Bill Cardwell recalls Evelyn's later years

A very rare photograph of Evelyn Hazen in her later years.

A very rare photograph of Evelyn Hazen in her later years.

Blog Post # 15

by Jane Van Ryan

If you have been reading these blog posts containing the comments of people who knew Evelyn Hazen, a picture has emerged of an elderly woman whose life was filled with disappointment, loneliness, and fear. Sarah Jane Grabeel, her companion of three decades, had left her. She was afraid to sleep in her own room, believing it was haunted. She had no faith in God. And she was terrified to be alone especially at night.

Many nights she refused to sleep at all. Lucille LaBonte told me Evelyn often sat up in a stiff, ladder-back chair at the top of the stairs where she could see the front door. With her pocketbook and her gun lying in her lap, she apparently felt she had to be vigilant to protect herself, her home, and her family’s antiques.

Lucille said she asked as many as 15 different people to stay with Evelyn overnight, but very few lasted longer than a night or two. In her loneliness, or perhaps to stay awake or simply to hear another person’s voice, Evelyn called Lucille and others repeatedly all night long.

Evelyn might have had good reason to be afraid. She was old and in failing health. Her antebellum mansion was isolated. It sat on the pinnacle of Mabry’s Hill where it was surrounded by a thick wall of shrubs and broken trees. In the early 1980s, someone had slit the throats of several of her beloved dogs and hung a noose on the porch.

Some people, such as Lucille and Dorothy Standifer, felt sorry for Evelyn and worried about her. Others discounted her fear and called her “mean,” including Bill Cardwell.

“She felt everybody was out to get her…[she was] paranoid,” Cardwell told me as he chain-smoked and dropped ashes into a plastic juice glass holding about an inch of water at the bottom.

Cardwell said Evelyn was so afraid to be alone, she offered to give him all of her Norfolk and Southern stock so he would stay with her. He figured it was worth about $100,000. He turned it down, he said, because “I just didn’t want no more part of it.”

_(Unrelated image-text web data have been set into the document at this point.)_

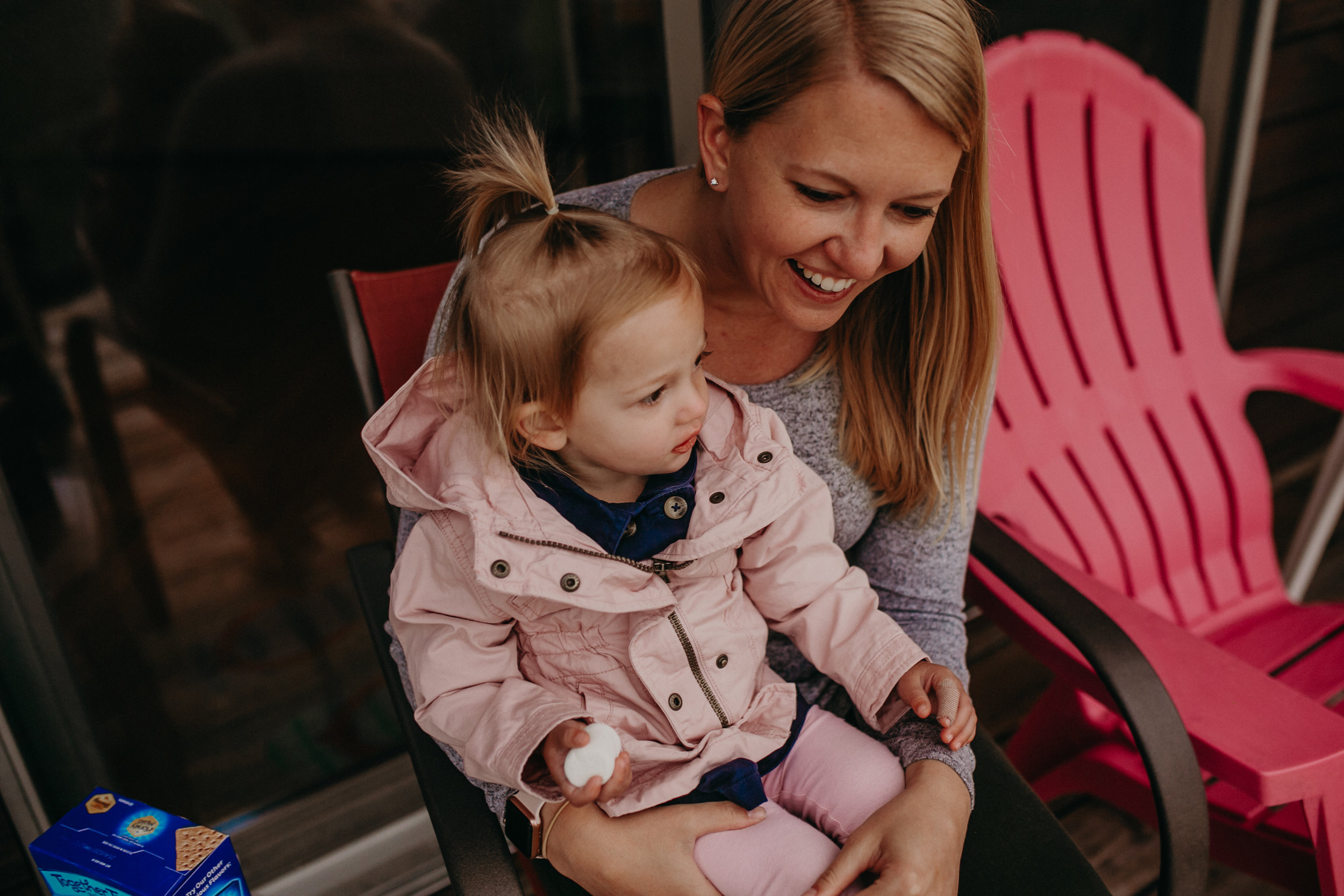 happy family on Madeline Island eats marshmallows during a family photo shoot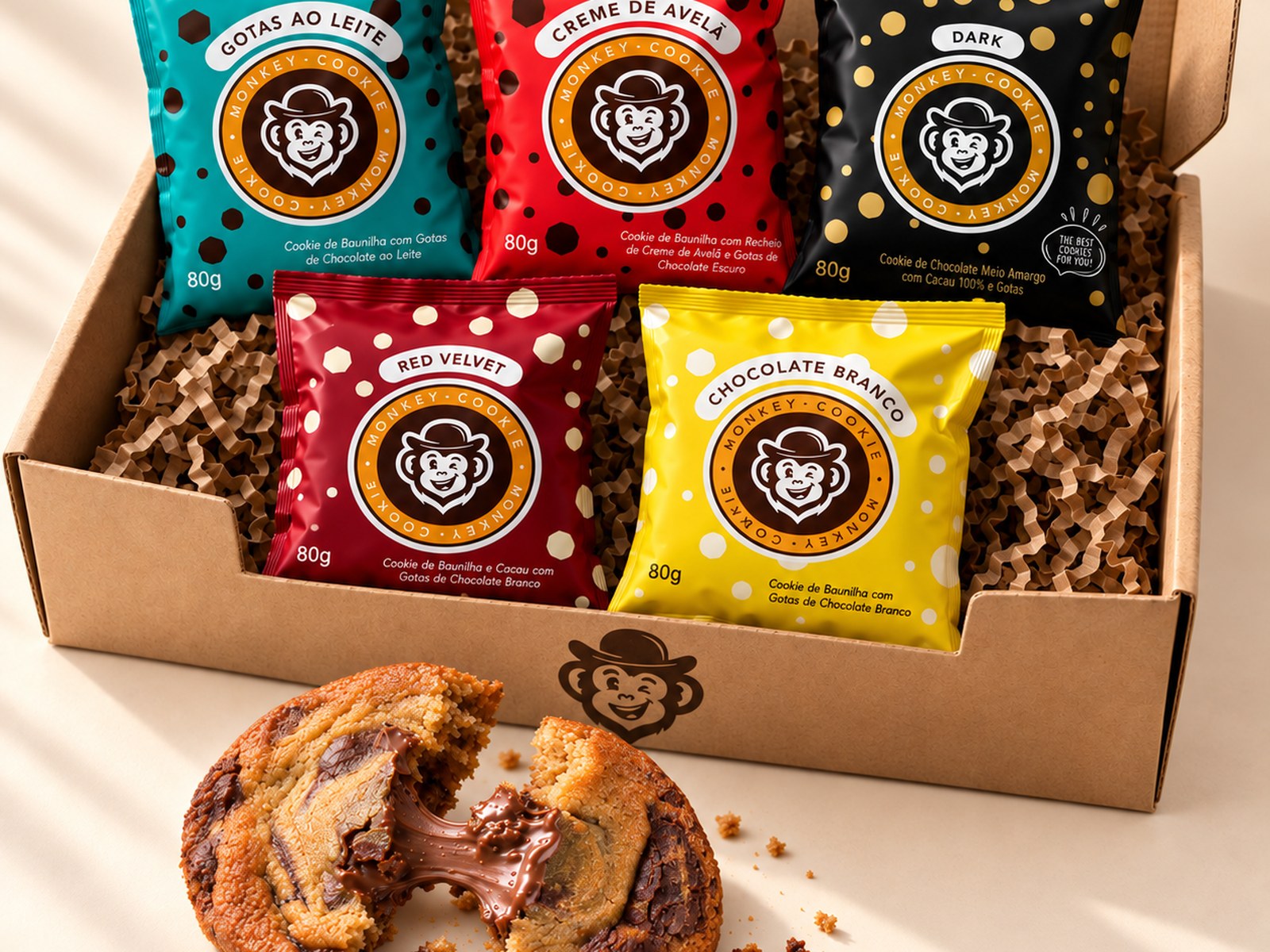 Caixa do Kit 5 Cookies aberta com as cinco embalagens Monkey Cookie e um cookie de creme de avelã partido na frente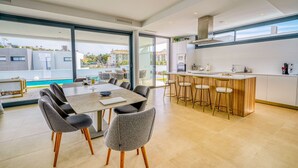 Una cucina moderna con angolo bar, ampie finestre e zona pranzo con sedie.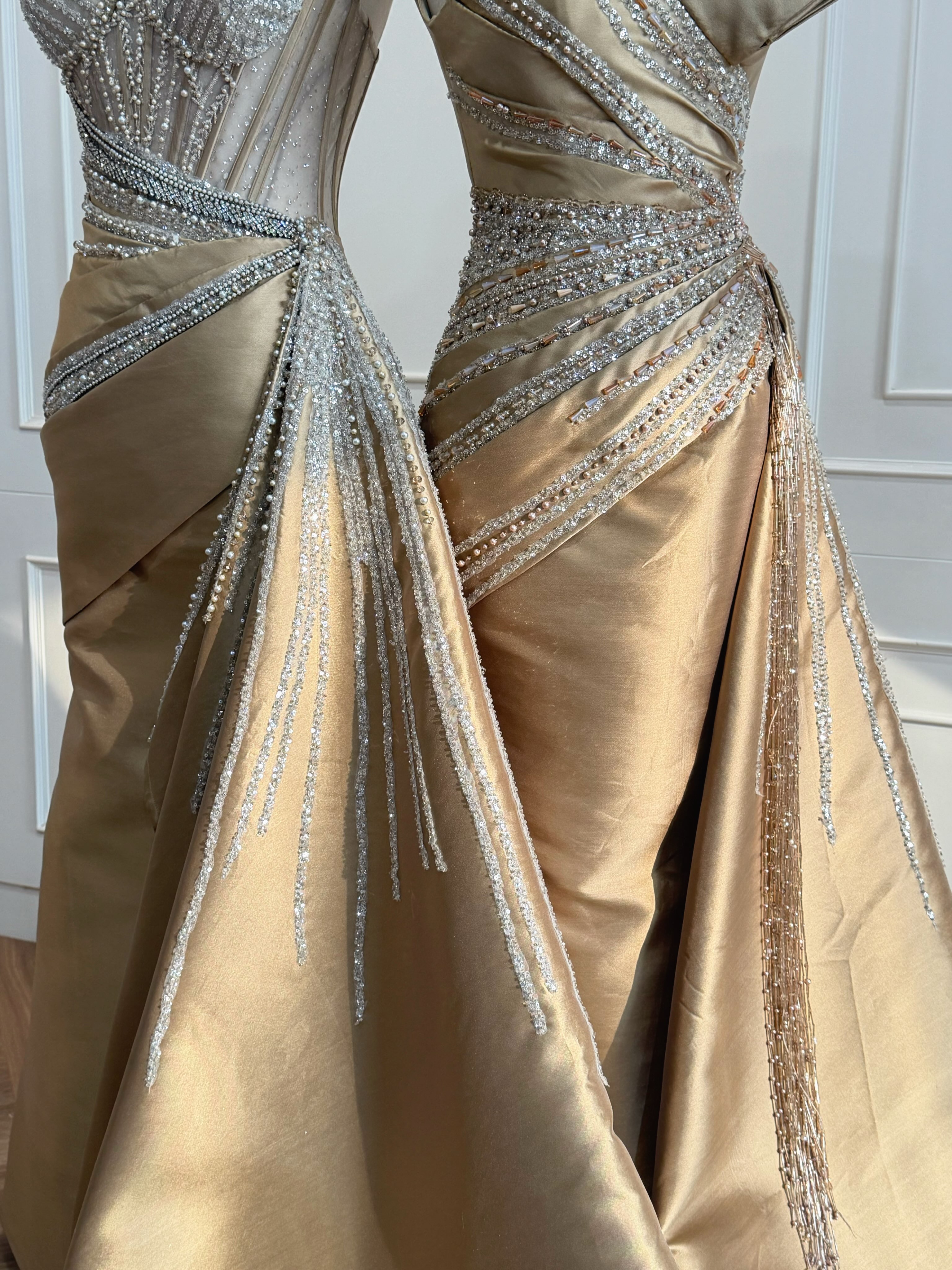 Gold draped gowns on mannequins — CELRA.id rental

If he had known that she was nearing the end of her life, he admitted he might have accepted her gift.  “Anybody would,’ he said, “I would have been awfully tempted…but I didn’t want to get an attorney and go through that mess.”

“I was a nervous wreck,” Cardwell said, as a result of working for Evelyn. And the nighttime phone calls were even worse. He said Evelyn would call him 8-10 times an hour. Sometimes she would talk for an hour on his answering machine.

Why did Evelyn call him so frequently? “She liked me,” he said. “I understood her.”

Evelyn even gave Cardwell and his wife Sandy ten shares apiece of Norfolk and Southern stock for Christmas one year, he told me.  She also gave him vases to take to his wife. Later she insisted that Cardwell had stolen a vase, so he had her write a note stating that the vase had been a present for Sandy.  Cardwell said he got a total of four or five vases and other “stuff” from the Mabry-Hazen House.

Cardwell also said he argued with Evelyn frequently. “She liked arguing,” often about little things. Evelyn would complain he didn’t feed the dogs enough, or he didn’t cool her breakfast properly. “I told her she was a damned 85-year-old spoiled brat,” he said, which made her laugh. “She just liked to argue.”

But Cardwell leveled plenty of harsh criticism at Evelyn. He claimed she physically abused Grabeel, although no one I talked to, including Grabeel, confirmed this allegation. He accused her of pushing Grabeel down and breaking her wrist. Evelyn reportedly was standing behind Grabeel when she fell, but there is no evidence to suggest Grabeel was shoved.

Cardwell also said Evelyn never wanted Grabeel to leave the house for medical treatment, even when she broke her hip. The doctor came to the house instead. Later, after one of the dogs scratched Grabeel’s leg and it wouldn’t heal, Cardwell said he carried Grabeel out of the house and took her to the hospital. When she was released, Grabeel did not return to the Mabry-Hazen House. She moved to a nursing home in Knoxville, likely on the advice of her doctors.

Cardwell’s interest in Grabeel’s health helped to convince Evelyn that they were conspiring against her, and Cardwell was telling Grabeel to abandon her and the Mabry-Hazen House. Evelyn was furious and reported her suspicions to Lucille.

With Evelyn becoming increasingly angry and accusatory, Cardwell disabled her gun. He told me he found her box of cartridges and took the powder out of them. “I figured…she didn’t need live bullets in that pistol,” he said. Cardwell said Evelyn carried the gun everywhere, even to the bathroom. “She carried it constantly.”

“She could have lived like a queen in her later years,” Cardwell said, “but she just lived awful.”